The Vatican said Tuesday that the U.S. delegation would be headed by Cardinal Daniel DiNardo of Galveston-Houston, head of the U.S. Conference of Catholic Bishops, and also include Francis’ top sex abuse adviser, Cardinal Sean O’Malley of Boston.
DiNardo has said he wants Francis to authorize a full-fledged Vatican investigation into ex-Cardinal Theodore McCarrick, who was removed as cardinal in July after a credible accusation that he groped a teenager.
The Vatican has known since at least 2000 that McCarrick would invite seminarians to his New Jersey beach house and into his bed.
Yet then-Pope John Paul II made him archbishop of Washington and a cardinal in 2001, presumably because Vatican officials im- pressed by his fundraising prowess considered his past homosexual activity a mere “moral lapse” and not a gross abuse of power.

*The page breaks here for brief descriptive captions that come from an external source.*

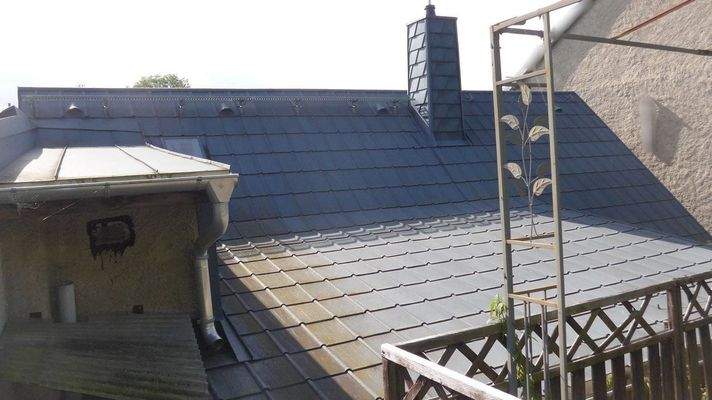 Dachfläche Rückseite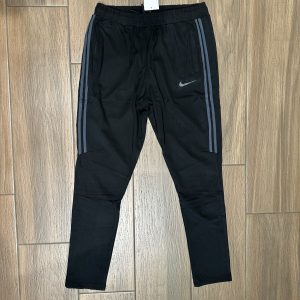Nike Mikrofiber per Meshkuj Black Slim Fit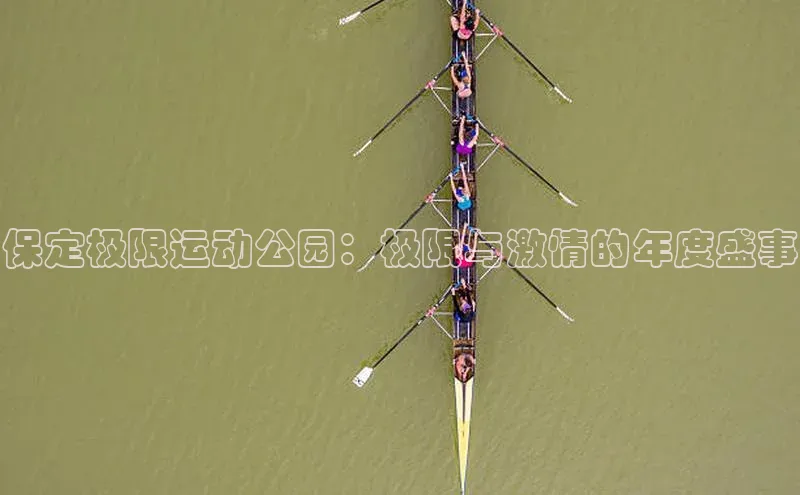 保定极限运动公园：极限与激情的年度盛事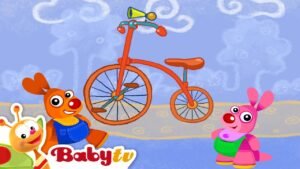 Bicycle Adventure 🚲 Surprise with Two Wheels | Kenny and Goorie | Full Episode @BabyTV 5 Bicycle Adventure 🚲 Surprise with Two Wheels | Kenny and Goorie | Full Episode @BabyTV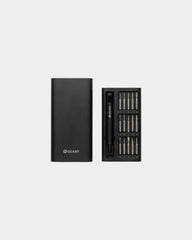 Set d'outils aluminium 31 pièces à personnaliser - Noir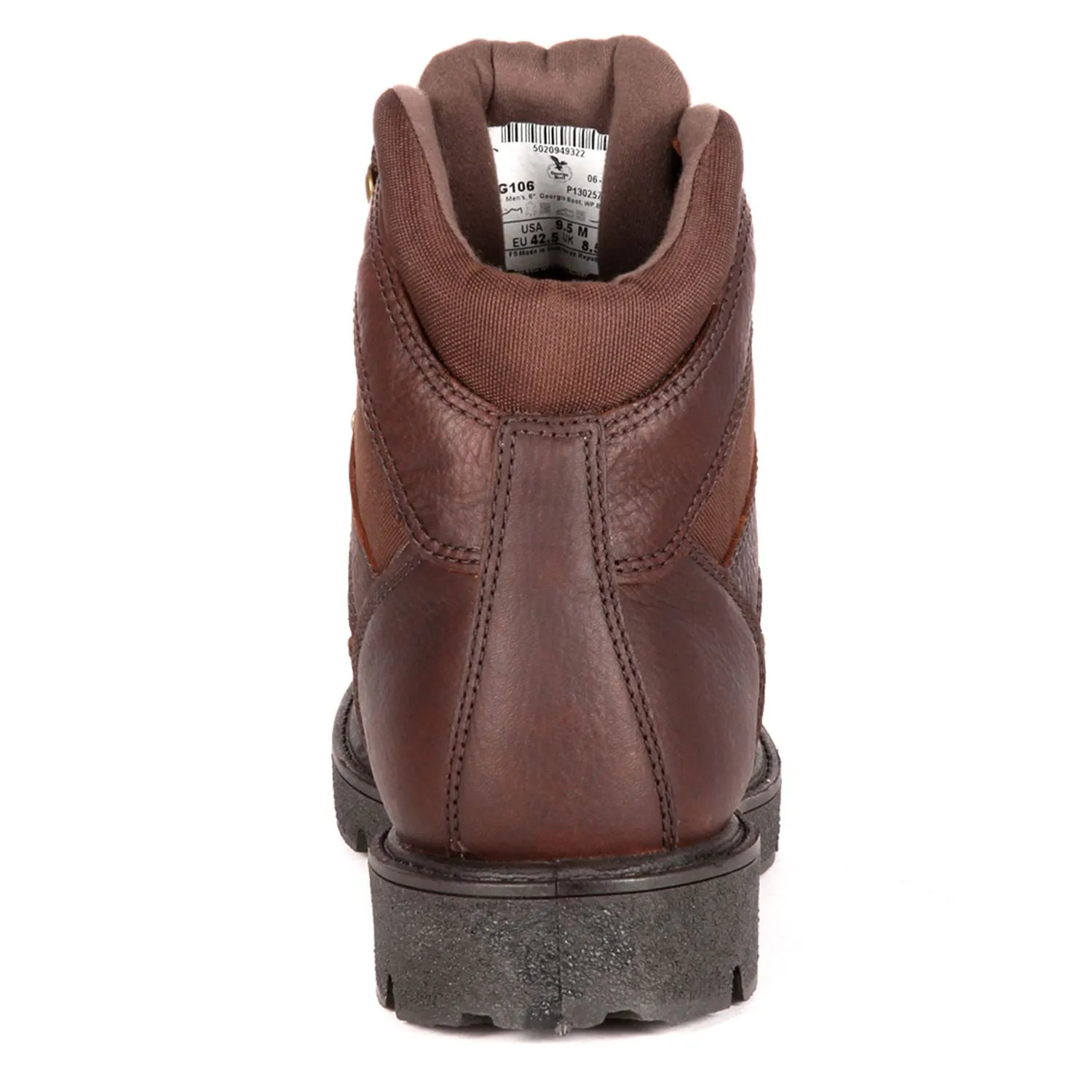 Men's boots Georgia Homeland size 6 inches.  Waterproof work boots Georgia Boots
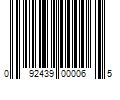 Barcode Image for UPC code 092439000065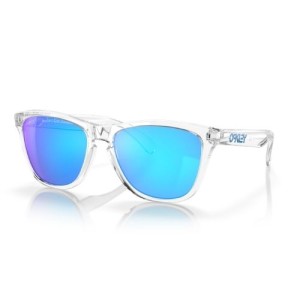 Occhiali Oakley Frogskins Crystal Clear Prizm Sapphire OAKLEY
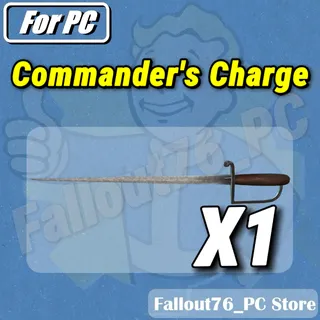 Commanders Charge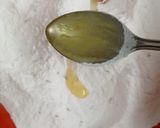 A picture of step 2 of Rice flour papri cheesey snacks.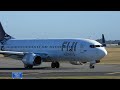 WAVE :-) Fiji Airways FJ450 Departure from Christchurch to Nadi 22/07/25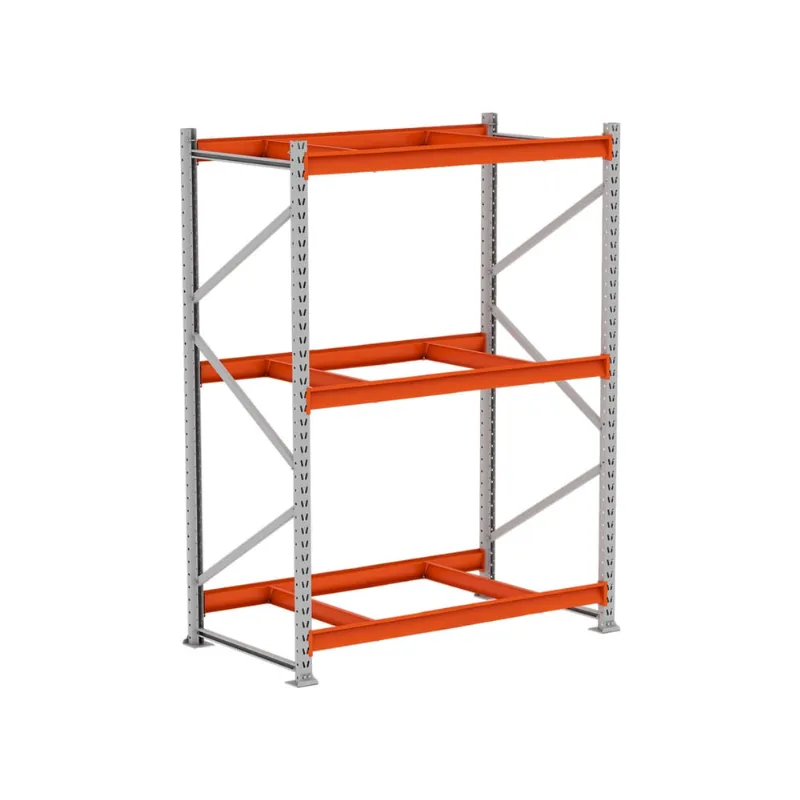 Mini Porta Pallet Inicial 500KG Com 3 Longarinas 2,00 X 1,20 X 0,80 Sem Bandeja - ultra Móveis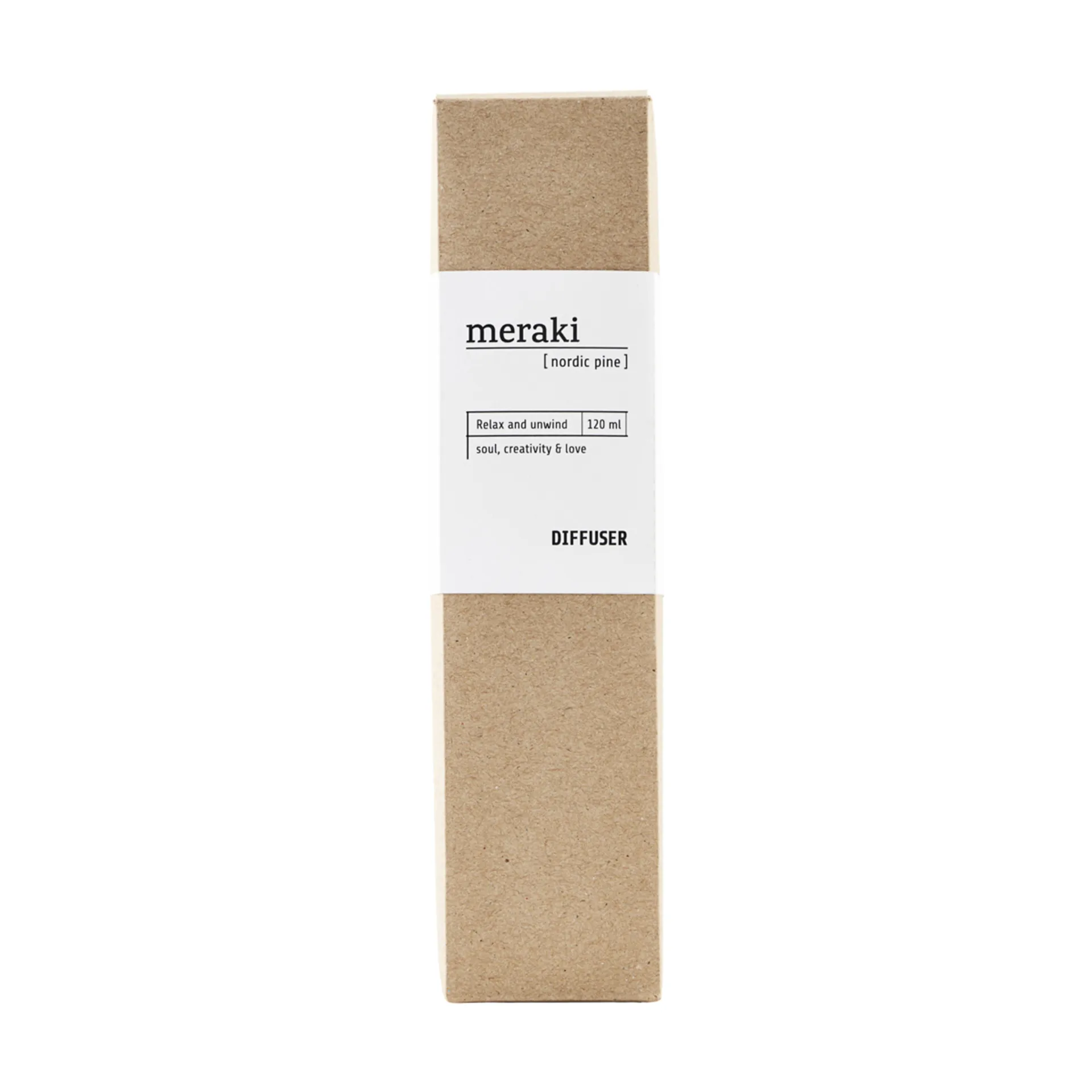 Patyczki zapachowe Meraki, Nordic Pine (nordycka sosna) Meraki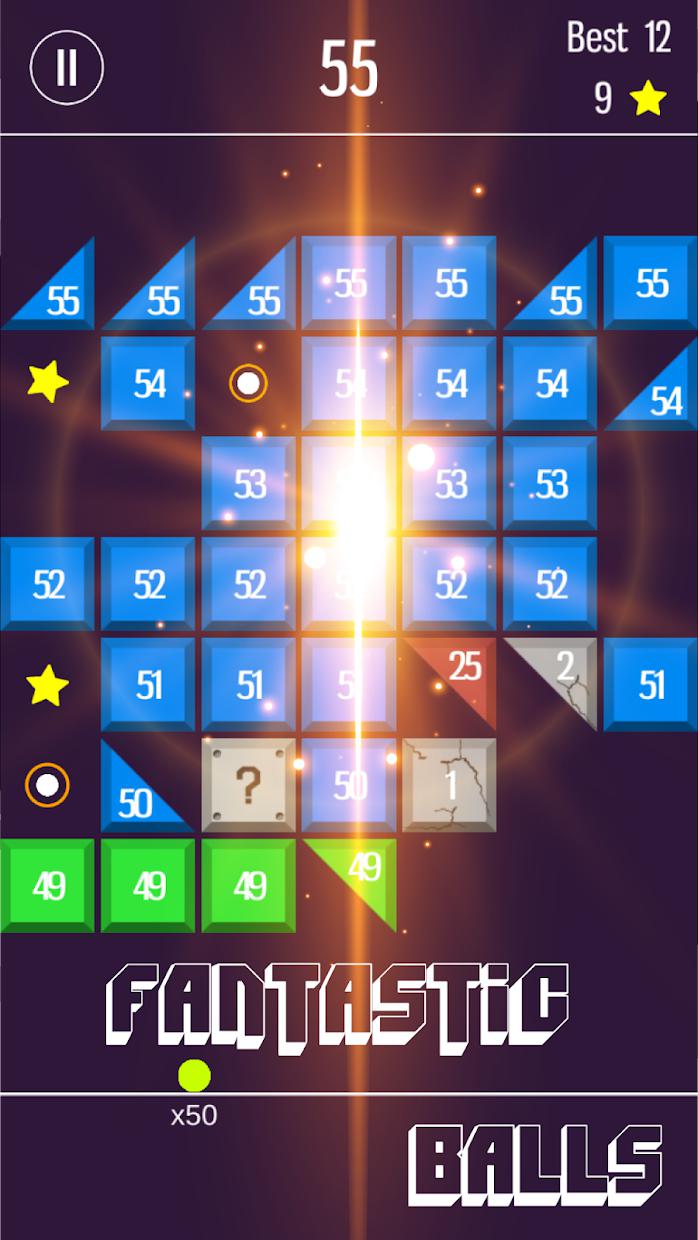 bricks breaker ball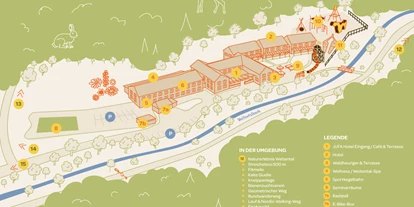 Wanderurlaub - Steiermark - JUFA Natur-Hotel Bruck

DiNardo has also said recent accusations that top Vatican officials — including the current pope — covered up for McCarrick since 2000 deserve answers.
The scandal took on crisis proportions two weeks ago after the Vatican’s former U.S. ambassador, Archbishop Carlo Maria Vigano, accused two dozen Vatican and U.S. cardinals and bishops by name of covering up for McCarrick.